How Could You Lead With $50?

Play

Friends,

How Could You Lead With $50

Leigha Beckman stunned me – in a happy way last week. She’s an intern and we’ve tasked her to bring a fresh, analytical approach to “Reading for Leading.” Next week we’ll send you her survey to help me keep RFL relevant and excellent for you. But last week, as I said, she jolted me when she asked me this question, “What if you showed your belief in RFL readers by handing out money to them? You know, like the priest did at your church?”

I loved the idea. I’m on it. Last week I invited you to affirmatively and proactively demonstrate belief in your peeps by giving them money with the simple invitation to “make things better around here.” Of course the “here” of RFL is a virtual space. It’s not quite like a church or a family or an office. But we are, I always hope, a learning community. And so, I believe you can help us all learn.

I’m going to give $50 to ten readers who would like (to use the metaphor from church:) take an envelope out of the collection basket and do something good with it. No strings. No accounting. Just an invitation to you to, in turn, demonstrate belief in others. And a second invitation to share how it goes with our readers. It would be cool if you reported back what you notice in yourself and others – what happens.

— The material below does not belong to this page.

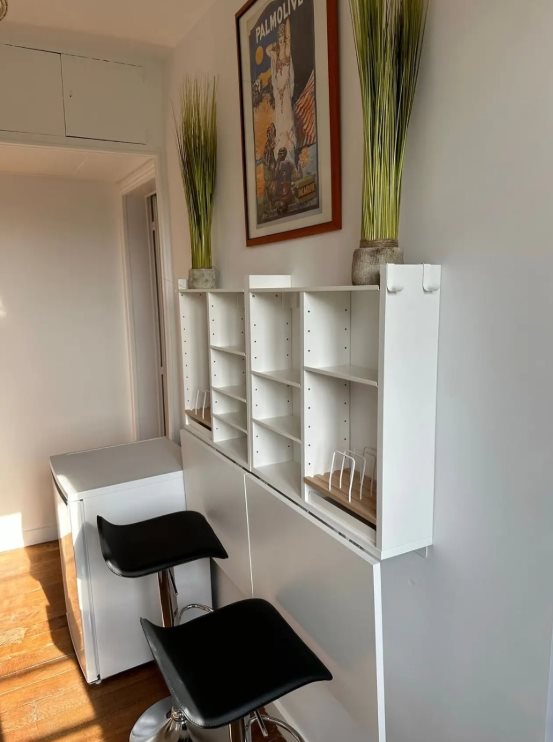 Appartement à louer, 26m², Sceaux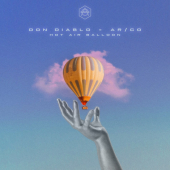 постер песни Don Diablo - Hot Air Balloon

If you’re interested, just hit the “comment” button below and write, “I’m interested.” We’ll randomly select 10 names at noon tomorrow and be in touch to figure out how to get you the money and this wonderfully odd chance to

Lead with your best self!

Dan

P.S. If you missed last week here were some of my idea starters for what someone might do with some “belief money.”

What might YOU do with $50? Buy a phone headset to serve customers better. Give a frustrated customer a break. Give your $50 – or pool it with others’ – to help someone in the office who is struggling to make ends meet. Give the receptionist flowers. Buy a printer to replace the one that’s driving everyone crazy. Spend it on a software program that will let them do better design. Host a small reception for a customer, a 10-year employee anniversary, or a mom or dad returning to work after having a baby. Send Starbucks cards to customers or staff who’ve been great to work with. Be creative!!!  By the way, in the world of Everyday Leadership, you don’t have to ask for the “leaders” of the company to do this; you can lead, yes with your own money.

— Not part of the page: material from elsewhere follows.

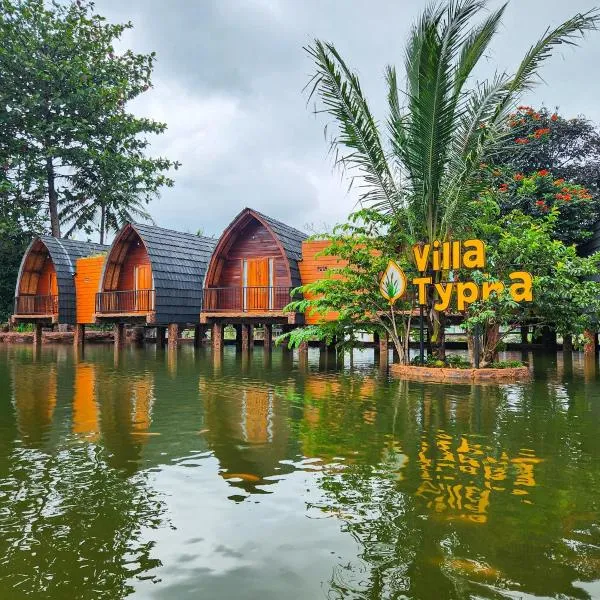 Chevilly Resort & Camp，位于茂物的酒店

P.P.S.  As to using your own money, check out the very cool comment from Bill Hart; it’s the first comment last week.

82 responses to “How Could You Lead With $50?

  1. I’m interested. I am riding my bike 300 miles for the make a wish foundation, So I plan on using this $ to raise some for the foundation. It will be my seed…

  2. I LOVE this idea! Too often leaders forget that their team members need to appreciated. A few words of acknowledgement are worth their weight in gold… Or Starbucks cards in this. Ase!

    For $50, I would buy cards and write an honest, heartfelt note of appreciation to each team member. If one felt so moved to include a “favorite” cup of coffee too, great, but the words do matter!
    Thanks as always for the inspiration.

  3. Hi I am interested and will collaborate with my managers to discover an innovative way to use the money. Thanks for your wonderful feed and books about leading with our best selves.

  4. People in our area came up with an idea to save time and improve customer service. We were even willing to invest our own money to bring about this change. We wanted dual monitors for our PC’s, and we were willing to buy brand new monitors ourselves for this purpose. We were told we could not purchase them ourselves and that the state government could not purchase them because it was too expensive. Do you see the conflict in that reasoning. That was about two months ago, now after additional discussion the purchase has been approved but we still are unaware of when it will be implemented. Can you discuss employee buy-in even at their own cost since they see the value of the change and the unwillingness of those in control to buy-in themselves or the structure that prevents the implementation of these ideas?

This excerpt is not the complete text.